Papa Francisco – debo entender su afirmación como un gesto proclive al diálogo interreligioso y cultural promovido desde el Vaticano y al que lo obligan las olas migratorias de nuestro tiempo – dijo, al terminarse el año 2019, que “no estamos más en la cristiandad. Hoy no somos los únicos que producen cultura, ni los primeros, ni los más escuchados”, precisa. Pero debo observar, sin querer contradecirle, que llegado el año 2000 y al celebrarse en Uzbeskistán el Congreso Internacional de la UNESCO sobre el Diálogo entre Religiones y la Cultura de Paz, el supuesto de este jamás fue plantear la renuncia a las “verdades” culturales o religiosas. Todo lo contrario.
Dado lo que observaba entonces, con pertinencia, Samuel P. Huntignton, autor de El choque de civilizaciones (1997), también emerge el Diálogo de Civilizaciones en 2001. “Las sociedades que comparten afinidades culturales cooperan entre sí” – se nuclean como las asiáticas y las musulmanas – y “las civilizaciones no occidentales reafirman por lo general el valor de sus propias culturas”, sostenía el profesor de Harvard.
No obstante, algunos progresistas occidentales – unos causahabientes del socialismo real, otros de la experiencia cubana – entienden al diálogo como la neutralización de las raíces, para insistir en que “la Iglesia Católica ya no es la única referencia”, ni siquiera la cristiana. Omiten lo que el mismo Huntington recordaba: “en el mundo de la posguerra fría, las banderas son importantes, y también otros símbolos de identidad cultural, entre ellos las cruces, las medias lunas”.

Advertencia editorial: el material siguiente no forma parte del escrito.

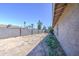 Sideyard with concrete block wall and sparse landscaping; great potential to customize at 646 W Grove Cir, Mesa, AZ 85210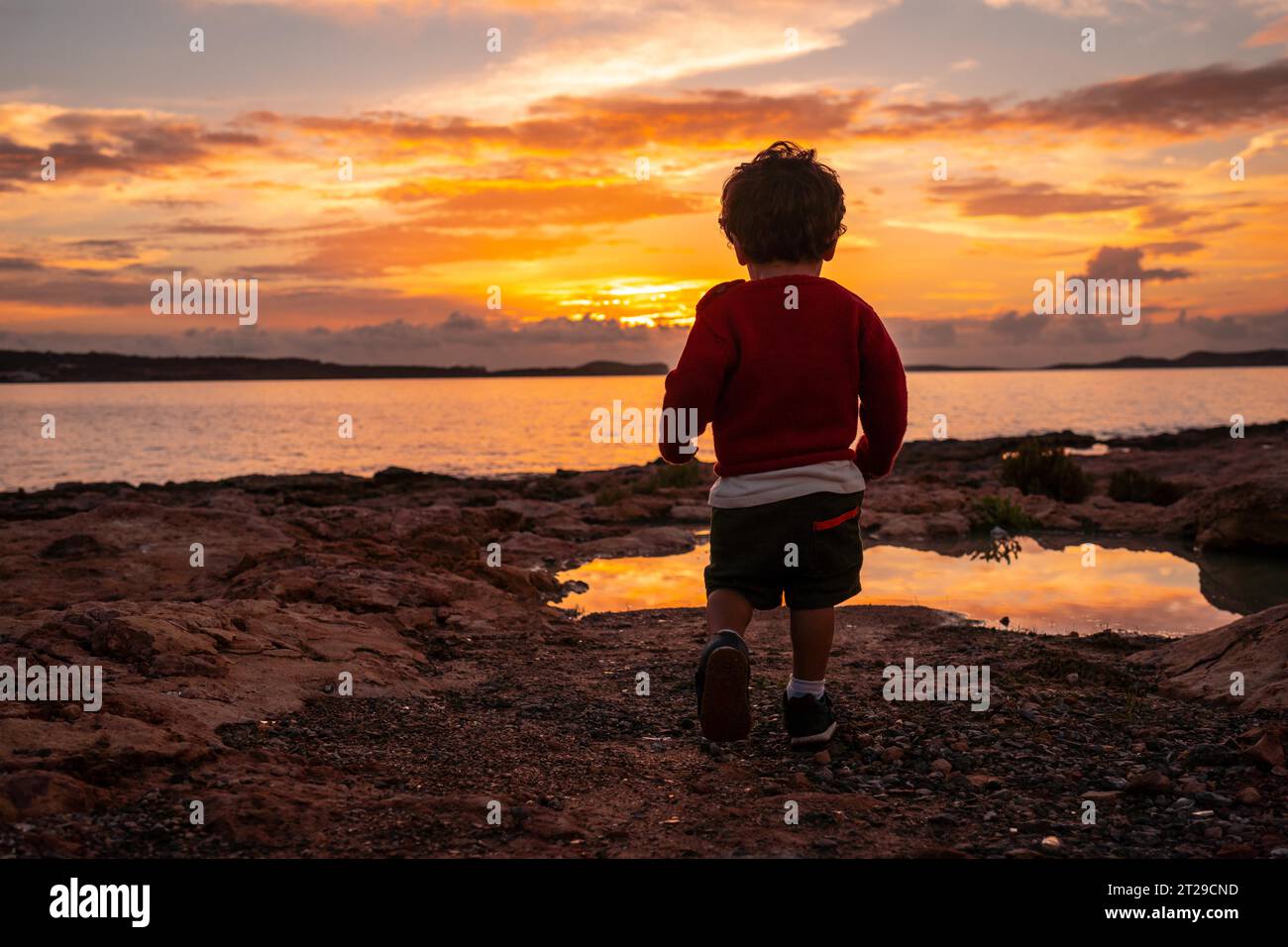 Tramonto a Ibiza in vacanza, un bambino che corre e ride in riva al mare a San Antonio Abad Foto Stock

Otros buscan confundir la idea de tal diálogo con pretensiones sincréticas o de relativización de la experiencia humana, como para que las religiones sean reinterpretadas, desbrozándolas de tradiciones y paternalismos inaceptables. Confunden a la religión o las culturas con costumbres o experiencias históricas, y niegan la trascendencia. Aseguran que aquellas menguan los derechos a la participación política, al pluralismo, a la diferencia.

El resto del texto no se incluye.